Sikapnya lembut, tidak ada nada menyalahkan, malah seperti anak kecil yang bingung.
Zhong San Nian berkata dengan suara rendah, “Bukan salahmu, malah ini masalahku sendiri...”
Ia menunduk merenung, mengungkapkan secara jujur, memang terasa kurang enak, tetapi di depan Jin Xi Rang tidak ingin bersembunyi sedikit pun, jarang menemukan seseorang yang tidak menyakitinya, tetap menjadi pengalaman berharga.
“Kondisi keuangan aku memang buruk, karena suatu alasan, aku masih menanggung utang tak terlihat, harga di sini sangat mahal, bagiku mungkin tak pernah bisa menyentuhnya.”

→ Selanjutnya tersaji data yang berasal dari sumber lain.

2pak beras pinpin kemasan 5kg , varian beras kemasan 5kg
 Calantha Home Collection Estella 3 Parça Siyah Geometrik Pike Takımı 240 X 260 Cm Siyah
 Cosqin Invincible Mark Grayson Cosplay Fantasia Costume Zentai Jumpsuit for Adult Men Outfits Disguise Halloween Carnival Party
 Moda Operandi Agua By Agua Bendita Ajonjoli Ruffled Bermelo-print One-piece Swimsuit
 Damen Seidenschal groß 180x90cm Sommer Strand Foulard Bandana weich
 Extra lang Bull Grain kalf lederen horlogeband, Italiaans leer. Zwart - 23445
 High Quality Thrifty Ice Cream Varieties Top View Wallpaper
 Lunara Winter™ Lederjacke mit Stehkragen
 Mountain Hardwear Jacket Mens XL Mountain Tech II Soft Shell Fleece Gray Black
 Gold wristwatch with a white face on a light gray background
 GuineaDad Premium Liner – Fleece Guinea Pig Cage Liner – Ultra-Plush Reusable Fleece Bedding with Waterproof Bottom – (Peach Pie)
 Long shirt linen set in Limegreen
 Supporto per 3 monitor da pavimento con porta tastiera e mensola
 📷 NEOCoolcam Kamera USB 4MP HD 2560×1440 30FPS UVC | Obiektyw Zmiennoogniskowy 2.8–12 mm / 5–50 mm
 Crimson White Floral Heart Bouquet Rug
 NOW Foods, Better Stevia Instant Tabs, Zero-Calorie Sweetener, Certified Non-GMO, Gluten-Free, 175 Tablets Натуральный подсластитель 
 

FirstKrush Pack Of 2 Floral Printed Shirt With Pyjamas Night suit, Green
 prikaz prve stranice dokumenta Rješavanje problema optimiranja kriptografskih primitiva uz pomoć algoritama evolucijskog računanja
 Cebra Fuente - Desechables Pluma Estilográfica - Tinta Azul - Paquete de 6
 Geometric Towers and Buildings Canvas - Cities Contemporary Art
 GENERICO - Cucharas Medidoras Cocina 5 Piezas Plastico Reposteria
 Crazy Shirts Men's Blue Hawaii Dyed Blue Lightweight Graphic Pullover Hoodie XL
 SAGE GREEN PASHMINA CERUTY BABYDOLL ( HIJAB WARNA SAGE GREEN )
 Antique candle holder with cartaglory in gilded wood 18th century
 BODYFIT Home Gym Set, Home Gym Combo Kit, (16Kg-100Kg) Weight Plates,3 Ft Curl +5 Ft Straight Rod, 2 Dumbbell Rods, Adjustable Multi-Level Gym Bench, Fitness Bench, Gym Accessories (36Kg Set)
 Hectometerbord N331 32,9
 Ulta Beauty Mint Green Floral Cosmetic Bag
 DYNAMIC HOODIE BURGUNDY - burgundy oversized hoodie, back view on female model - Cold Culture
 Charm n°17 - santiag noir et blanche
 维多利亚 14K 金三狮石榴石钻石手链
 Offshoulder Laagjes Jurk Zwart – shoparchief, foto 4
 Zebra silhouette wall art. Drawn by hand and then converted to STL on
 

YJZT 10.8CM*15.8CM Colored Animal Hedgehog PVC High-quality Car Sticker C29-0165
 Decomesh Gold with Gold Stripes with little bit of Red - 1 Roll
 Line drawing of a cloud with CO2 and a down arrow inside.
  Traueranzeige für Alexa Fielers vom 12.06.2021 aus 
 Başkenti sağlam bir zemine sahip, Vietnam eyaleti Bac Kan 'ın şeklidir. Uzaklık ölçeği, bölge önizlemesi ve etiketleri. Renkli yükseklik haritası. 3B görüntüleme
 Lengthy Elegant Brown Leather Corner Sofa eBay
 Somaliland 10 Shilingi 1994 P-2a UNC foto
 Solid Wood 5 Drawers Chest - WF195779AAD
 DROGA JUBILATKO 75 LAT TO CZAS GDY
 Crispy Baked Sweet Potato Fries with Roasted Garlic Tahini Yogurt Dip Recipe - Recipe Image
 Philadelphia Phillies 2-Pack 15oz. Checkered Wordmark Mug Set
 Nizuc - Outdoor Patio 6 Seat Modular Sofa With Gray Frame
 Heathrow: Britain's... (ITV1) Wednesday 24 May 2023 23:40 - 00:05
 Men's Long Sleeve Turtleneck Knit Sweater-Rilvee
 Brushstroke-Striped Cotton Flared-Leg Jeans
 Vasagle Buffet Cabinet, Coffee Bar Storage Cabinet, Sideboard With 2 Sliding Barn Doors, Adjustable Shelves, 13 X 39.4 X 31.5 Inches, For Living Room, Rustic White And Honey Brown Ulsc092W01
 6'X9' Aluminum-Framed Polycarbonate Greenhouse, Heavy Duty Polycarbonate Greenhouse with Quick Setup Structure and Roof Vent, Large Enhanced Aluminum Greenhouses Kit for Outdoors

Matanya melirik ke sudut, bahkan secangkir teh di area istirahat saja sudah ratusan ribu.
Sedangkan... sewa rumah setahun saja beberapa juta.
“Bagimu tempat ini mungkin hanya standar konsumsi harian, tapi bagiku seperti dongeng, bahkan kalau aku merencanakan masa depan sebaik apapun, tetap tidak akan mampu belanja di sini.”
Jin Xi Rang mengangguk, tampak memahami, mendengarkan setiap kata dengan serius.
Zhong San Nian menoleh sambil tersenyum, “Tapi niatmu membelikan hadiah sudah aku terima, hadiahnya sendiri tidak usah, aku tidak sanggup menerimanya.”
“Baik.” Jin Xi Rang menyentuh rambut emasnya, “Aku tidak mengerti, yang penting kamu bahagia.”